I am no expert on the Auger effect but the wikipedia page on Auger electron spectroscopy seems to indicate that Auger effects can be observed in lithium. As @WillieWong points out in the comments, the usual Auger effect does not work: if the laser simply removes one 1s electron, you are left with a 1s$^1$ 2s$^1$ configuration, which cannot ionize to Li$^{++}$ as the excited electron can only bump the ground one up to 2s (and even that transition is out since the final state is identical to the initial one!).

It is in principle possible, however, for the laser to simultaneously - or sequentially - ionize a lithium atom and excite the ion, leaving it in a configuration 2s$^1$ 2p$^1$ or higher. (As said in the comments, 2s$^2$ is out by dipole selection rules.) Such a configuration (or a similar one) would have enough energy to expel one of the electrons in an Auger transition.

The catch is that while a single laser pulse can do both things, a single laser photon can't.
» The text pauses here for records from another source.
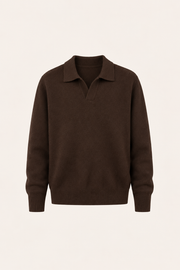 Malero Wool Polo Knit Brown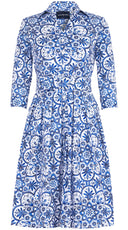 Audrey Dress #1 Shirt Collar 3/4 Sleeve Regular Length Cotton Stretch (Marakechi Tile)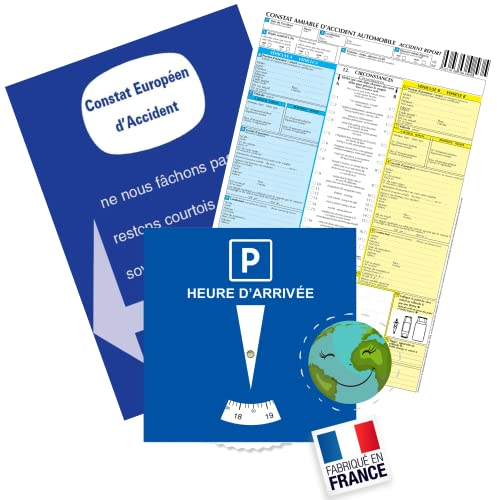 Kit Jeune Conducteur Voiture INDISPENSABLE ✯Fabrication FRANÇAISE✯ Accessoire Voiture Interieur Disque Zone bleue + Constat Amiable Accident Accessoires Auto Voiture Accessoires Intérieurs (GARANTIE)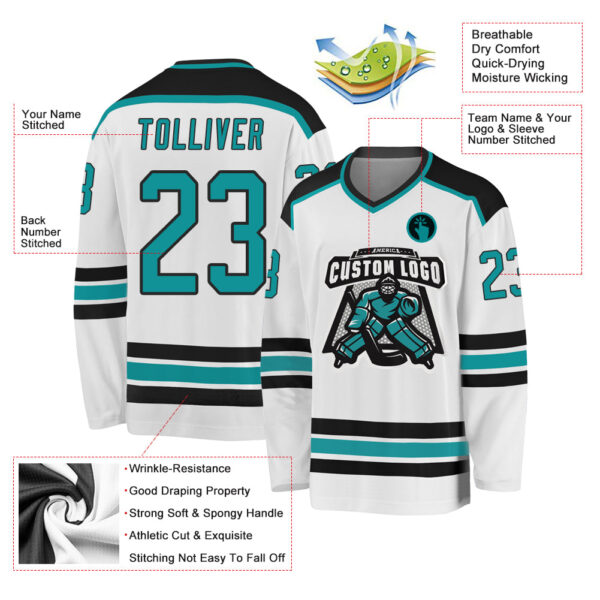 Custom White Aqua-Black Hockey Jersey - Image 3
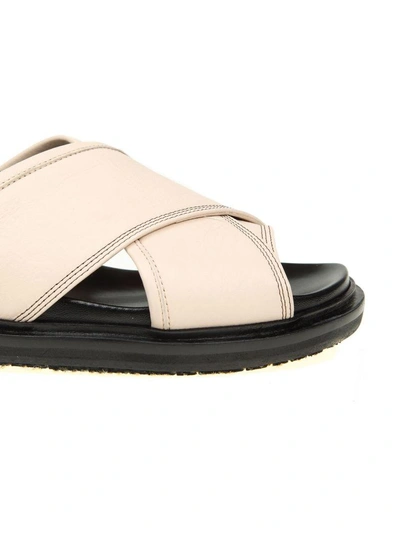 Shop Marni Sandal In White Leather In Silk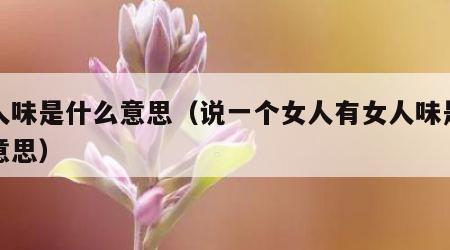 女人味是什么意思（说一个女人有女人味是什么意思）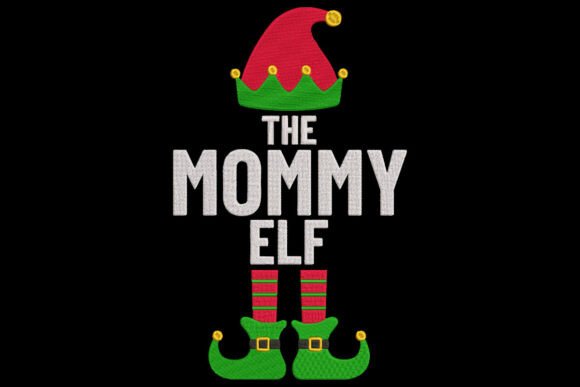 The Mommy Elf Christmas Embroidery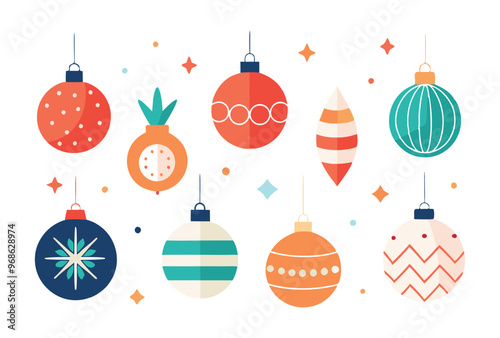 Colorful Christmas Ornaments modern Flat Vector Illustration Set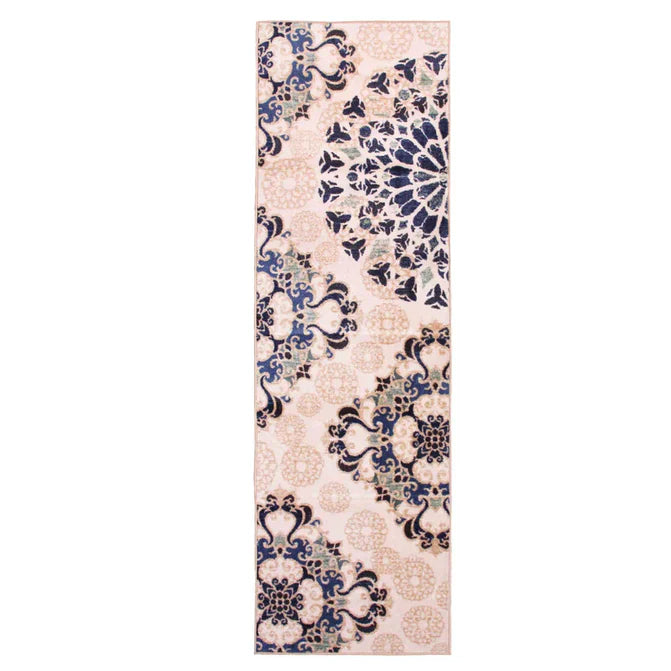 Thalia Modern Medallion Indoor Washable Area Rug - Cream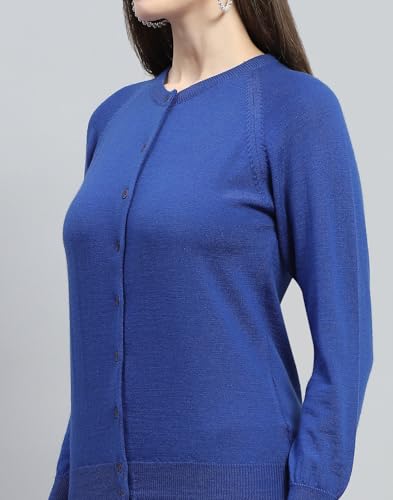 Image of Monte Carlo Women Regular Fit Full Sleeve Solid Round Neck Winter Cardigan (Pack of 1)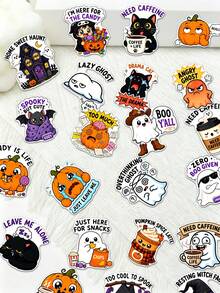 50pcs Funny & Cute Halloween Quote Stickers, Sleepy Pumpkin, Cheerful Ghost, Black Cat, Humorous Slogan Waterproof Decorative Stickers, Suitable For Laptop, Water Bottle, Planner, Scrapbook - Multicolor - View 3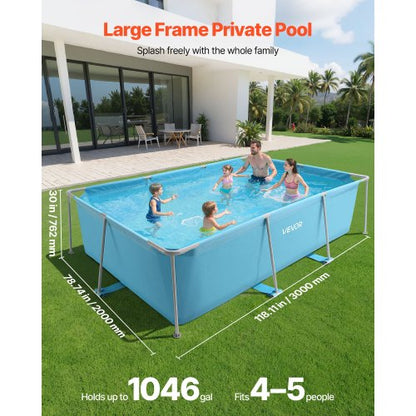 above ground pool with steel frame 118 x 78 x 30 in rectangular blue | EU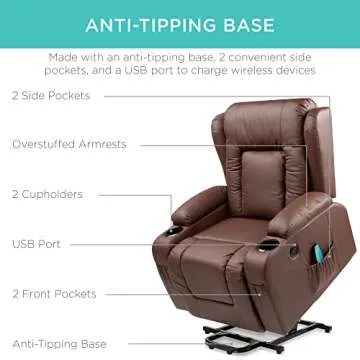 Electric Power Lift Recliner Chair with Massage & Heat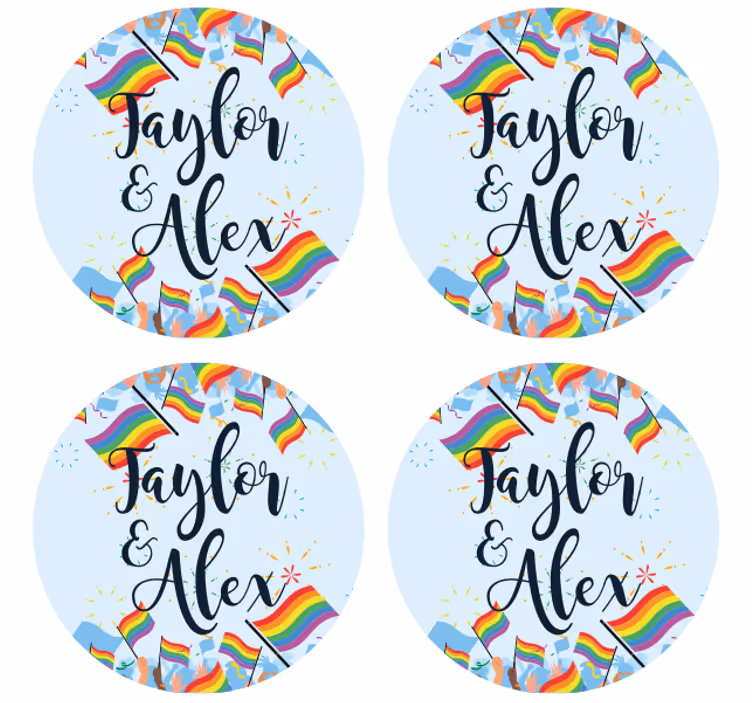 Glasunderlägg öl regnbågsflaggor firande - Tenstickers
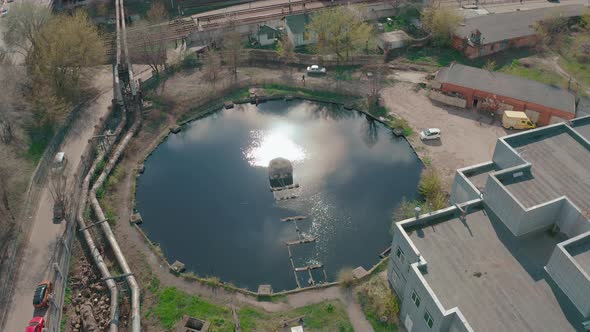 a Round Reservoir at the Heat Power Station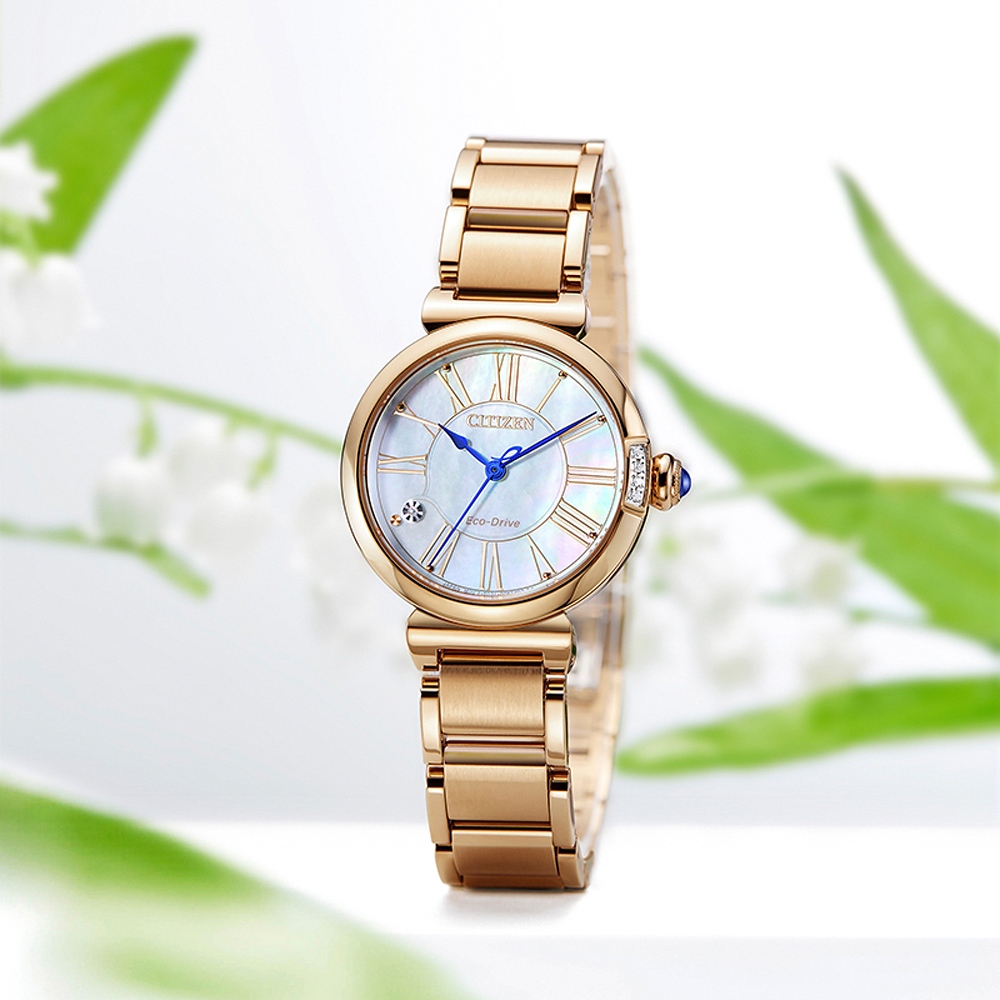 CITIZEN 星辰 L系列  幸福鈴蘭 永恆款 光動能大三針女錶 EM1063-89D, , large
Leaving a doubly-excited ion is, for weak pulses, a two-photon process, since you need to do two transitions, each of which annihilates a photon. As such, it is twice as unlikely as the 1s$^1$ 2s$^1$ transition, or to put it another way it scales quadratically with the laser intensity. Fortunately, it is possible to produce pulses strong enough to use this to their advantage (or indeed to take the situation far out of the perturbation regime where photons are meaningful concepts) and use strong intensities to leave all sorts of interestingly excited ion electronic configurations. As long as some of these result in Auger electrons, these will be relatively easy to detect as they have quite characteristic signatures.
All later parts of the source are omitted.